Siemens Home Connect üzerinden cihaza özel yeni yıkama ve kurutma programları indirebiliyorsunuz. Mevsimsel ihtiyaçlar, moda olan yeni kumaş türleri, spor kıyafetlerin gelişmesi… Ne değişirse değişsin, makineniz hep güncel kalıyor. 

Tıpkı telefonunuza uygulama güncellemesi indirir gibi çamaşır ve kurutma makineniz de güncellemelerle değişen yaşam tarzınıza ayak uyduruyor. 

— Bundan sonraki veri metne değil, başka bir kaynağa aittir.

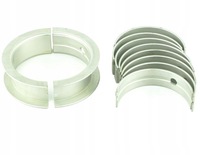 фото thumb №1, Вкладыш главная do citroen jumper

Akıllı deterjan yönetimi: i-Dos ile her yıkamada doğru ölçü 

Makineyi tamamen doldurunca veya tek parça kıyafeti makineye attığınızda ne kadar deterjan koyacağınızı bilemiyor olabilirsiniz. İşte tam bu noktada i-Dos Deterjan Tarama teknolojisi devreye giriyor. Siemens Home Connect üzerinden şişelerin barkodunu okutup su sertliği ve deterjan yoğunluğunu makineye iletiyor, i-Dos ise her yıkamada doğru miktarı otomatik olarak ayarlıyor. Üstelik Siemens Home Connect uygulaması, deterjan seviyesini takip ederek deterjanınız tükenmeden önce size haber veriyor. Tek yapmanız gereken uygulamayı telefonunuza yüklemek ve çamaşır makinenizi uygulamaya bağlamak. 

stainRemoval teknolojisi: Zorlu lekelerle inatlaşmayı unutun 

Çay, yağ, makyaj, çikolata lekeleri… Gün içinde fark etmeden üzerinize bulaşan lekeler artık kâbus olmaktan çıkıyor. Siemens iQ500 çamaşır makinesi ile stainRemoval teknolojisi devreye giriyor. Tek bir dokunuşla çay, yağ, kozmetik veya günlük hayatta karşılaştığınız diğer zor lekeler için özel programları aktif edebilirsiniz. 

Siemens Home Connect uygulaması sayesinde daha fazla leke türünü ve bunlar için geliştirilmiş özel programları keşfetmek de mümkün. Yani sadece “lekeyi çıkar” demekle kalmıyor, sizin için en doğru yıkama programını da otomatik olarak öneriyor. Böylece hem lekelerle uğraşmak zorunda kalmıyor hem de giysilerinizin ömrünü koruyorsunuz. 

Artık çocuğunuza yemek yedirirken dökülen yemek lekeleri, kahve kazaları ya da mutfakta sıçrayan yağ lekeleri sizi endişelendirmiyor. stainRemoval, günlük hayatın getirdiği küçük sürprizlere karşı en güvenilir yardımcınız oluyor. 

Siemens iQ500 çamaşır ve kurutma makineleri, artık sadece kıyafetlerinizi temizleyen makineler değil; size zaman, konfor ve güven veren akıllı iş ortaklarınızdır. Ütüye harcadığınız vakti kendinize ayırın, lekelerle uğraşmayı unutun ve teknolojinin yaşam alanınıza uyumunun keyfini yaşayın.

*Bu yazı Siemens’in katkılarıyla hazırlanmıştır.